Иными словами, текстовая действительность порождается в «Докторе Живаго» не на основании чисто фабульных приемов, а с опорой на глубину «памяти слова». Поэтому в романе возникает некое «иррациональное начало», которое соотносимо с категорией «поэтического», существующего вне рамок определенной формы выражения. Наиболее точное определение этому началу дал В. Набоков в своей работе о Гоголе: «Под поэзией я понимаю тайны иррационального, познаваемые при помощи рациональной речи» [Набоков 1987: 194].
Обратимся сначала к звуковой организации словесной ткани текста. Несмотря на то что в целостной структуре романа мы имеем дело с разными явлениями фонетического уровня, во всех случаях при концентрации звуковых повторов мы обнаруживаем систему дополнительной корреляции между словами, предложениями, абзацами и даже целыми главами вне зависимости от их контактного или дистантного расположения, сознательности и бессознательности введения элементов звукового подобия и степени их поэтической мотивации.

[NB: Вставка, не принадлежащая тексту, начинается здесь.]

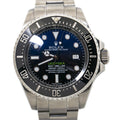 Rolex Sea-Dweller Deepsea 16660 SS Oyster Auto D Blue Dial Men's Watch 44mm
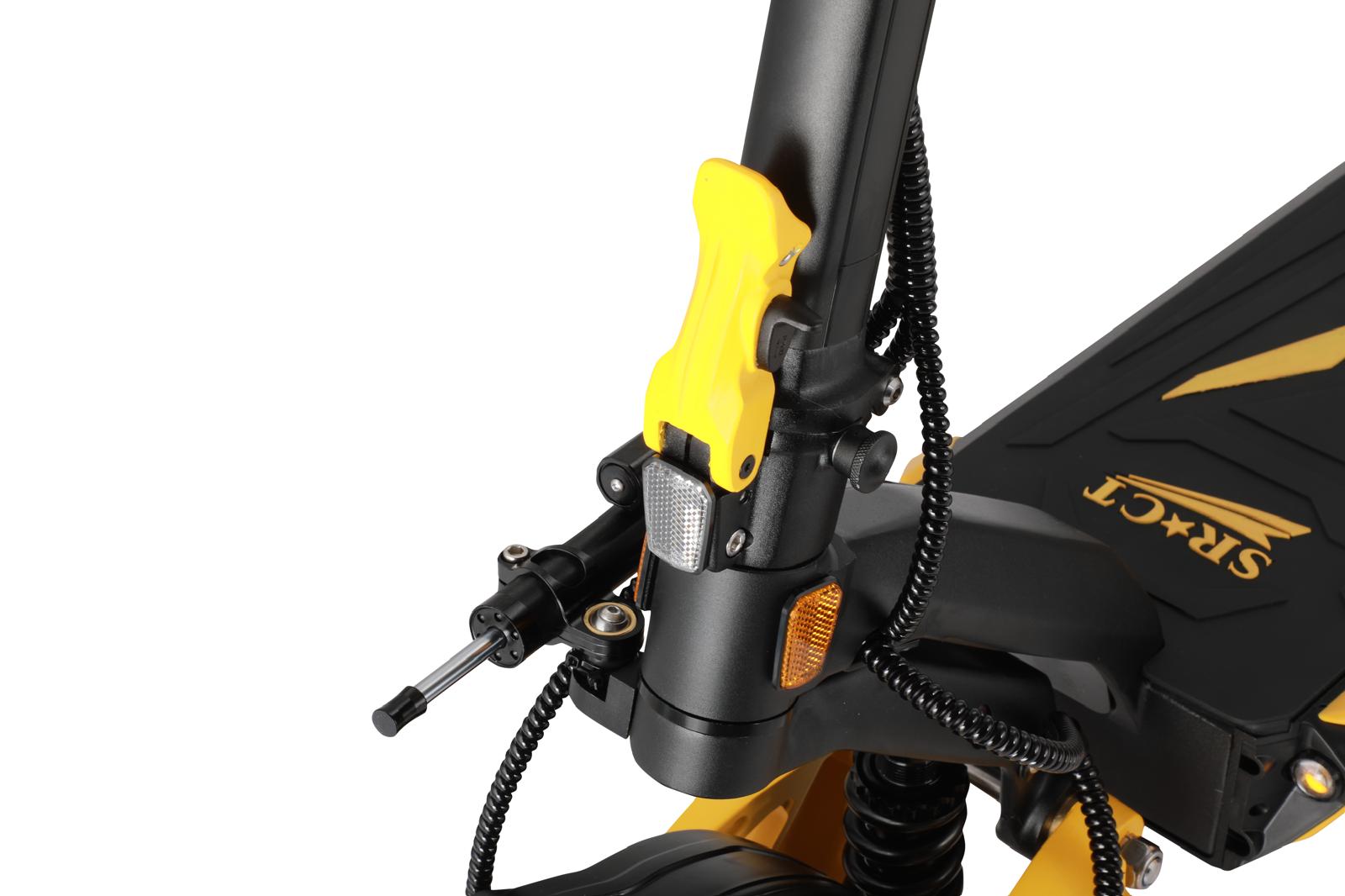 Amortyzacja w hulajnodze elektrycznej – marketing czy realna różnica?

У Пастернака любое звукописное начало может привносить в целостную композицию дополнительные уровни интерпретации. Удивительной с этой точки зрения является взаимная проекция двух дистантных фрагментов романа, которая восстанавливает оборванные судьбой родственные связи в семье Живаго. Так, в части первой (гл. 6) романа, где описывается пребывание маленького Юры с дядей в Дуплянке, имении Кологривова летом 1903 года, обращает на себя внимание абзац, в котором Юра вступает в непосредственное «звуковое» общение с матерью, чей образ для него растворен во всей окружающей живой природе: «Здесь была удивительная прелесть! Каждую минуту слышался чистый трехтонный высвист иволог, с промежутками выжидания, чтобы влажный, как из дудки извлеченный звук до конца пропитал окрестность. Стоячий, заблудившийся в воздухе запах цветов пригвожден был зноем неподвижно к клумбам. Как это напоминало Антибы и Бордиреру! Юра поминутно поворачивался направо и налево. Над лужайками слуховой галлюцинацией висел призрак маминого голоса, он звучал Юре в мелодических оборотах птиц и жужжании пчел. Юра вздрагивал, ему то и дело мерещилось, будто мать аукается с ним и куда-то его подзывает»[135]. В этом абзаце присутствует удивительная огласовка, которая создается звуками А и У (они выделены жирным шрифтом), непосредственно передающими это «ауканье» с матерью[136]. Заметим, что здесь впервые появляется сочетание «влажный звук», который оказывается «слуховой галлюцинацией» Юрия, и этот звук соотносится с «живописностью» места, она «тоже напоминала маму, которая любила природу и часто брала Юру с собой на прогулки» (часть 1, гл. 4). Но эта «живописность» еще связана и с самой родовой фамилией ЖИВАГО (о чем писал ранее Е. Фарыно), в чертах же дяди Юра прочитывал материнские черты («Юре хорошо было с дядей. Он был похож на маму»), и, «как у нее, у него было дворянское чувство равенства со всем живущим» (часть 1, гл. 4). Таким образом, «живое присутствие» матери Живаго в Дуплянке задается как частотой употребления слов с корнем ЖИВ- (несмотря на то что роман начинается с оксюморона «хоронят Живаго»), сходством дяди с ней, а также звукописным оформлением сцены «контакта» при помощи звуков А и У, которые задают внутреннюю форму пока еще не определенного звукообраза, соединенного ассоциативно с понятием «влажности».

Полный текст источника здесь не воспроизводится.